Sejak tahun 1959 itu, Tan Joe Hok studi di Texas, memenuhi beasiswa dari Baylor University Jurusan
Premedical Major in Chemistry and Biology.

"Antara tahun 1959-1963 (saat menyelesaikan studi di Baylor), saya masih sempat pulang untuk
mempertahankan Piala Thomas 1961 di Jakarta serta 1964 di Tokyo. Tahun 1962, saya juga pulang untuk
Asian Games," kata Tan Joe Hok, yang menjadi atlet bulu tangkis pertama yang meraih
medali emas di arena Asian Games.

Meski demikian, ada juga "pengorbanan" yang dilakukan Tan Joe Hok untuk bulu tangkis. Gara-gara ia harus
pulang untuk mempertahankan Piala Thomas di Tokyo 1964, studi S-2-nya di Baylor gagal lantaran
kurang empat jam kredit (credit hours), maka dia tak lulus, tutur Tan Joe Hok.

Situasi konfrontasi, Bung Karno mencanangkan "Ganyang Malaysia" dan "Ganyang Antek Imperialis",
membuat Tan Joe Hok mengurungkan niatnya untuk kembali ke AS meneruskan studi S-2. Ia lalu tinggal di
Tanah Air.

"Apa kata Bung Karno, saya nurut saja. Saya malah sempat main di perbatasan Kalimantan sampai ke
Mempawah, menghibur sukarelawan kita di medan perang," ungkap Tan Joe Hok.

"Dulu Ganyang Amerika, eh, tahun 1965 giliran Ganyang China. Dampaknya, kita yang nggak ngerti apa-apa
jadi kena," tutur Tan Joe Hok.

Di pelatnas Senayan pun terjadi perubahan drastis. Suatu siang, di flat atlet—kini Plaza Senayan—Kolonel
Mulyono dari CPM Guntur, Jakarta Pusat, mengumpulkan para atlet.

"Kami semua disuruh ganti nama begitu saja. Pak Mulyono yang tentukan," tutur Tan.

Maka, anggota-anggota Piala Thomas pun "diberi nama" Indonesia, Ang Tjing Siang menjadi Mulyadi, Wong
Pek Sen menjadi Darmadi, Tan King Gwan menjadi Dharmawan Saputra, Lie Tjuan Sien menjadi Indra
Gunawan, Tjiong Kie Nyan menjadi Mintarya, Lie Poo Djian menjadi Pujianto, dan Tjia Kian Sien menjadi
Indratno.

"Saya diberi nama Hendra oleh (Panglima Kodam Siliwangi) HR Dharsono. Kartanegara saya karang sendiri,
pokoknya ada 'tan'- nya," papar Tan Joe Hok.
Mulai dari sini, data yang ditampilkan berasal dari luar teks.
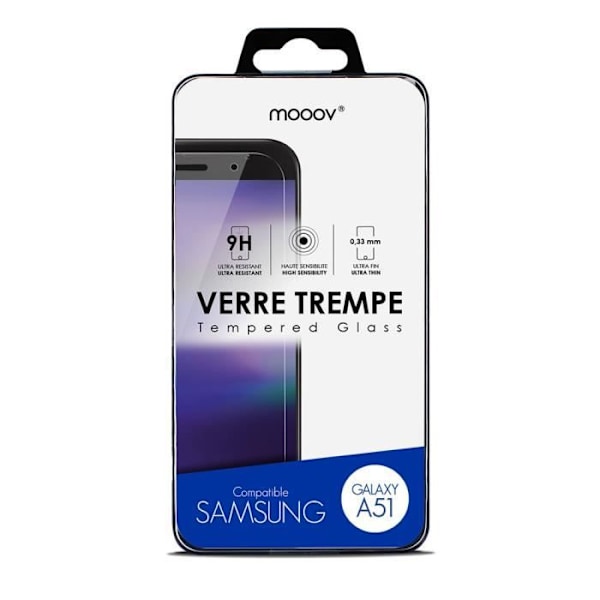Härdat glas - MOOOV - Samsung A51 - Skärmskydd - Repmotståndig - Tjocklek 0,33 mm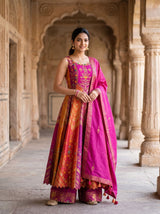Organza Anarkali Set in Rani Pink for Festive Occasions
Ternyata tak sesederhana pergantian nama. Perlakuan terhadap Tan Joe Hok dan kawan- kawannya itu
ternyata "dibedakan".

Mengurus KTP dan paspor, mereka harus menunjukkan bukti Surat Bukti Kewarganegaraan RI (SBKRI)
meski nyata-nyata bertahun-tahun mereka sebenarnya telah berjuang untuk negeri ini. Itulah namanya
dinamika hidup, terkadang manis, ada waktunya pula pahit-getir.